# Persian: for



## Alijsh

What dear Bienvenidos wrote here http://forum.wordreference.com/showthread.php?p=2467090 interested me to create a separate thread to discuss about it.

Can you please write about "for" in your Persian dialect. In colloquial Persian of Tehran we have "vâse" and almost never use "barâ".
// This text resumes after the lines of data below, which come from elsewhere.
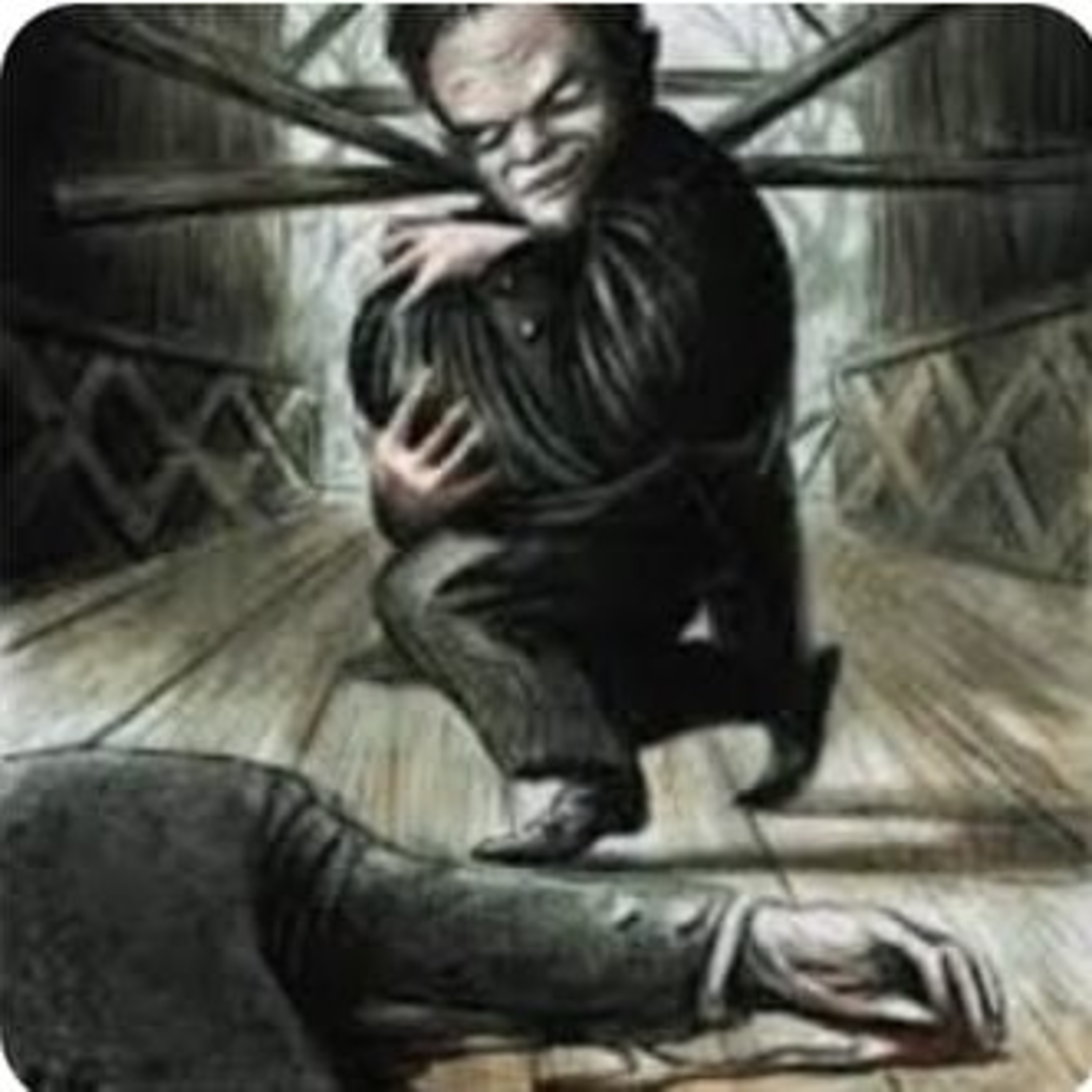 NUNCA LE APUESTES TU CABEZA AL DIABLO Parte 3 Final. Poe Para Principiantes Capítulo 31 episode artwork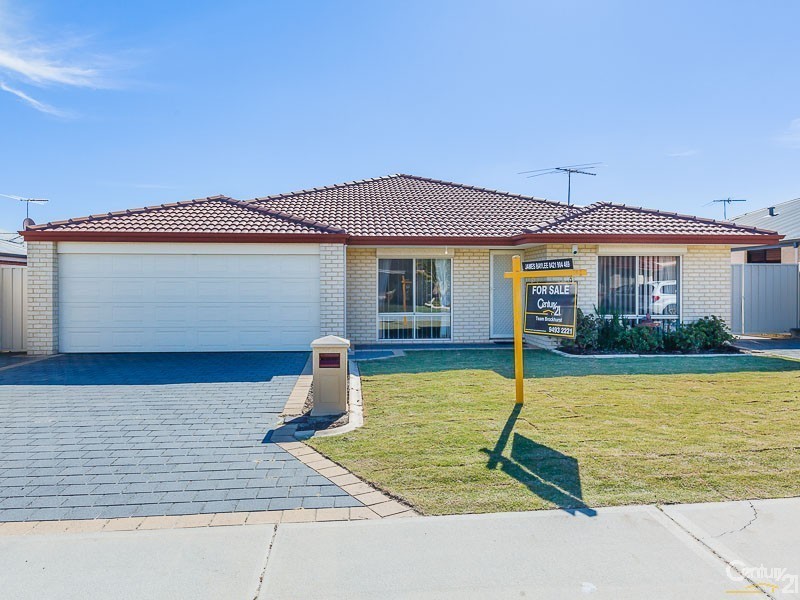 12 Levis Drive, Canning Vale WA 6155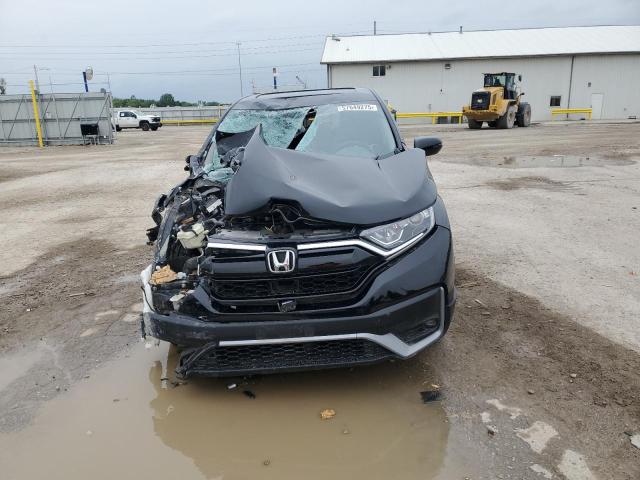 2022 HONDA CR-V EXL 5J6RW2H85NA014239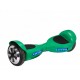 PATIN ELECTRICO DENVER DBO-6530 KIDS VERDE 6,5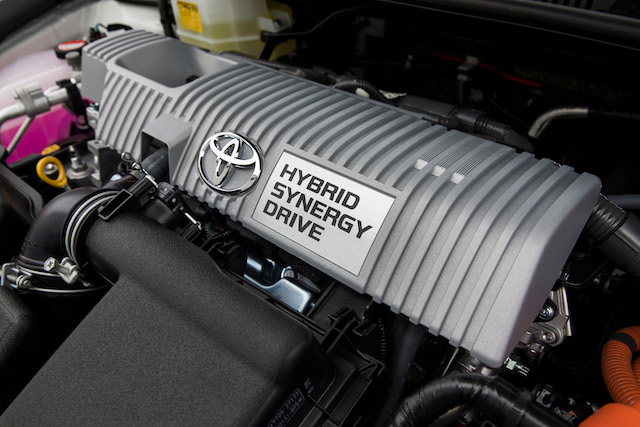 澳洲 Toyota Corolla 油電車年中開賣 油耗每公升突破 24 公里！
I add the two Iranian forms to what Bienvenidos wrote:

bara-ma | barâm | vâsam | for me
bara-tu [?] | barât | vâsat | for you (informal)
bara-u | barâsh | vâsash | for him/her
bara-mâ | barâmun| vâsamun | for us
bara-šomâ | barâtun | vâsatun | for you all
bara-wâ | barâshun | vâsashun | for them


[?] I guess it must be so. Please correct me if I'm wrong.

***
*barâye* is *vâseye* e.g. barâye chi -> vâseye chi


----------



## Bleet

"Baraye" the formal kind of "for"... Sort of. And Vareye is pronnounced as Baseye just so you know.


----------



## Derakhshan

The most salient word for 'for' in southern Iran would be _si._ I wonder if this is cognate with Tehrani _vaase_?

_sim_ | for me
_sit_ | for you
_sish_ | for him/her
_simun_ | for us
_situn_ | for you (pl.)
_sishun_ | for them
_siche?_ | for what?

I know a few more dialects...

Evaz, Fars: _*se*_

_mase
tase
shase
maase
taase
shaase
seche?_

Lar, Fars: *bar
*
_mazbar
tazbar
shazbar
maazbar
taazbar
shaazbar
barche?_


----------



## ali likes the stars

Derakhshan said:


> _sim_ | for me
> _sit_ | for you
> _sish_ | for him/her
> _simun_ | for us
> _situn_ | for you (pl.)
> _sishun_ | for them
> _siche?_ | for what?



Is it possible that is is the shortened versin of _vAse _?

vAse-ye to | vAsat | (va)sit
etc...


----------



## PersoLatin

ali likes the stars said:


> Is it possible that is is the shortened versin of _vAse _?
> 
> vAse-ye to | vAsat | (va)sit
> etc..


Yes, I am sure you are right.



Derakhshan said:


> The most salient word for 'for' in southern Iran would be _si._ I wonder if this is cognate with Tehrani _vaase_?


I believe the Tehrâni واسه /vâsé (vâsam, vâsat... ) is the changed form of ba su/besuبه سو/بسو, modern bésu/bé su.  So vasu/وسو and then vâsé/واسه.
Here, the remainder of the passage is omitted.